### Source material

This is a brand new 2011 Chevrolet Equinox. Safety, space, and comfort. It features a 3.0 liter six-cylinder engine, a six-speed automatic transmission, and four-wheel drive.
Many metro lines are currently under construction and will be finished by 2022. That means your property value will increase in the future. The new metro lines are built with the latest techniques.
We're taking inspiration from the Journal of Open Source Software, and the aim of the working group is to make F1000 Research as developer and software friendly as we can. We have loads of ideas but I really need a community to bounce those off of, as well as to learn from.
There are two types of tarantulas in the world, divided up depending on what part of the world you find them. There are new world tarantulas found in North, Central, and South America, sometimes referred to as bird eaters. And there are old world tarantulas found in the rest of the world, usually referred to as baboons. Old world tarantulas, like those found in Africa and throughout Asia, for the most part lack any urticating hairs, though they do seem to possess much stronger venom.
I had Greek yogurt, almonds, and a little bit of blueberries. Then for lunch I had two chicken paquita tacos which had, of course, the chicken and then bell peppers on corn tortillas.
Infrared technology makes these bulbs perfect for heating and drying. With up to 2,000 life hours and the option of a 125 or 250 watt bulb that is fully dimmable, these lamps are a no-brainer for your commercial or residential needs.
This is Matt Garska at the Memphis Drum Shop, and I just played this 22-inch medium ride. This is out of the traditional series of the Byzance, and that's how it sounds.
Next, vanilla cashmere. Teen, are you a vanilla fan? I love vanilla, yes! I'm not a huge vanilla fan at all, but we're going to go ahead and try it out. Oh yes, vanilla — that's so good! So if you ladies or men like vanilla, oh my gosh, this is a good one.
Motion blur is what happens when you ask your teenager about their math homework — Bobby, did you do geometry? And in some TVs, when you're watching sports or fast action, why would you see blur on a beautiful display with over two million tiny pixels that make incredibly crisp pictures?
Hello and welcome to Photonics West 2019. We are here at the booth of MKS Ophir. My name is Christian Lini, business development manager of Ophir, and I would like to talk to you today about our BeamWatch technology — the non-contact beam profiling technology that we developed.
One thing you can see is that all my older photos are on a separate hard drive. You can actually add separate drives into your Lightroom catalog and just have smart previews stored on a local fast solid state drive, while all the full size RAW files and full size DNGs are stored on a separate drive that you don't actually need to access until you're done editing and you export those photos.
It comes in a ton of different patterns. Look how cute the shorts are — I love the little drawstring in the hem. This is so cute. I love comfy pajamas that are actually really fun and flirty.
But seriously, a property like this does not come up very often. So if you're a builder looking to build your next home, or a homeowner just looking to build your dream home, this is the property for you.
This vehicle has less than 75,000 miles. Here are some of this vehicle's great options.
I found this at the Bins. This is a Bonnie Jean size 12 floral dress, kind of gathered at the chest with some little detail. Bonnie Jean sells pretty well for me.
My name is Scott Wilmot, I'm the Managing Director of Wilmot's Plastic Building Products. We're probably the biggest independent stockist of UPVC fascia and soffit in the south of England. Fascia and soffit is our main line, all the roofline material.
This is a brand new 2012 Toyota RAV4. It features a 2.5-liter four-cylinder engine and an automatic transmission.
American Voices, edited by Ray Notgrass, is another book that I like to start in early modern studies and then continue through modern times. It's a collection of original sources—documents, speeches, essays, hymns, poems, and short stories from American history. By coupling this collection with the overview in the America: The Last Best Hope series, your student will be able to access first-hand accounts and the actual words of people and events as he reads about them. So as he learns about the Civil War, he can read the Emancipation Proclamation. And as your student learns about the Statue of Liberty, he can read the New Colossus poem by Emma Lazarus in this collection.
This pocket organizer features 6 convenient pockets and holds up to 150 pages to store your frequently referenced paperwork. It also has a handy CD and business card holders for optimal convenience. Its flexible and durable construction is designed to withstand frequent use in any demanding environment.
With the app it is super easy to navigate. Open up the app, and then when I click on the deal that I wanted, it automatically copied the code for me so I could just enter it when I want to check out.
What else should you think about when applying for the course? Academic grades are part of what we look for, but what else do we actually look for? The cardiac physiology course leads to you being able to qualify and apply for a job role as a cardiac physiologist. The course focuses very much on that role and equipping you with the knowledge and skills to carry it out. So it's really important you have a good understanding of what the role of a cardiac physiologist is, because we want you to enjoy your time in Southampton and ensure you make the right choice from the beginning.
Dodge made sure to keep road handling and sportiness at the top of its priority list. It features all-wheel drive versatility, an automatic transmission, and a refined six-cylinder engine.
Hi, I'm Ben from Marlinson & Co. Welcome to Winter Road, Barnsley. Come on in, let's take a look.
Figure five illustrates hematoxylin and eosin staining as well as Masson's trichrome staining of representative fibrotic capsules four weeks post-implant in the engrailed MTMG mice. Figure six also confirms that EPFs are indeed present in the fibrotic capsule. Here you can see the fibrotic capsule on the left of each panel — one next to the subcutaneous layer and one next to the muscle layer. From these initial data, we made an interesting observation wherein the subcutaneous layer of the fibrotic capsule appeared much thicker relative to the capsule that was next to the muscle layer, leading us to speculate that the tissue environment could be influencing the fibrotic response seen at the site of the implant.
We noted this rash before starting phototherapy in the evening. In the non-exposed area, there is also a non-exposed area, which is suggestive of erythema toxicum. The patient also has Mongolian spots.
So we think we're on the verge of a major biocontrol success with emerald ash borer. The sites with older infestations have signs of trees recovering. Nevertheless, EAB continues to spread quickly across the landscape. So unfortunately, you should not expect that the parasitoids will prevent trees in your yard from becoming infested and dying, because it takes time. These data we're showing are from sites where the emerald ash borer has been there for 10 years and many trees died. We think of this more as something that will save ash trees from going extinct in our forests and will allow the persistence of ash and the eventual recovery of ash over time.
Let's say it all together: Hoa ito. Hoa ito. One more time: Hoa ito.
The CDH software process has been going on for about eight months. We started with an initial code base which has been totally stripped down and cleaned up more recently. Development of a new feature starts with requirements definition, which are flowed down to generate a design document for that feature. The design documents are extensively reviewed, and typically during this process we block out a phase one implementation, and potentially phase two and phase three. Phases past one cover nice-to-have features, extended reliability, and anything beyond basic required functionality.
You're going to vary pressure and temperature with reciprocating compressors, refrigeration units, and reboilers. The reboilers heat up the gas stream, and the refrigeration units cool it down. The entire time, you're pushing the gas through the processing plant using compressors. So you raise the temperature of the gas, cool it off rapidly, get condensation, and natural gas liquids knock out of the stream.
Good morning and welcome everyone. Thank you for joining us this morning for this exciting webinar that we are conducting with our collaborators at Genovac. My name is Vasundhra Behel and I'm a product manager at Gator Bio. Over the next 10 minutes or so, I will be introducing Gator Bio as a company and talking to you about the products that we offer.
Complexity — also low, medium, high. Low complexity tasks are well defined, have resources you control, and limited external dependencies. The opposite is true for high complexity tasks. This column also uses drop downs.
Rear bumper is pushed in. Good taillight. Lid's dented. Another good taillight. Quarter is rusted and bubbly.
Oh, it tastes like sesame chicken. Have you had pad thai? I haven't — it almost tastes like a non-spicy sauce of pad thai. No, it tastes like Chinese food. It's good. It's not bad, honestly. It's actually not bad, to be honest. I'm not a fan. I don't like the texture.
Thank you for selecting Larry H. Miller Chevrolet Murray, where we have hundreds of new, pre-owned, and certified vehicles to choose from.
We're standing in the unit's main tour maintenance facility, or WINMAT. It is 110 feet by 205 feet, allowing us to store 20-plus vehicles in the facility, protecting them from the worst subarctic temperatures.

######

*Action item:*
Across the data shown above, how many lines carry the string "which"? Reply with the figure by itself.

*Task response:*
3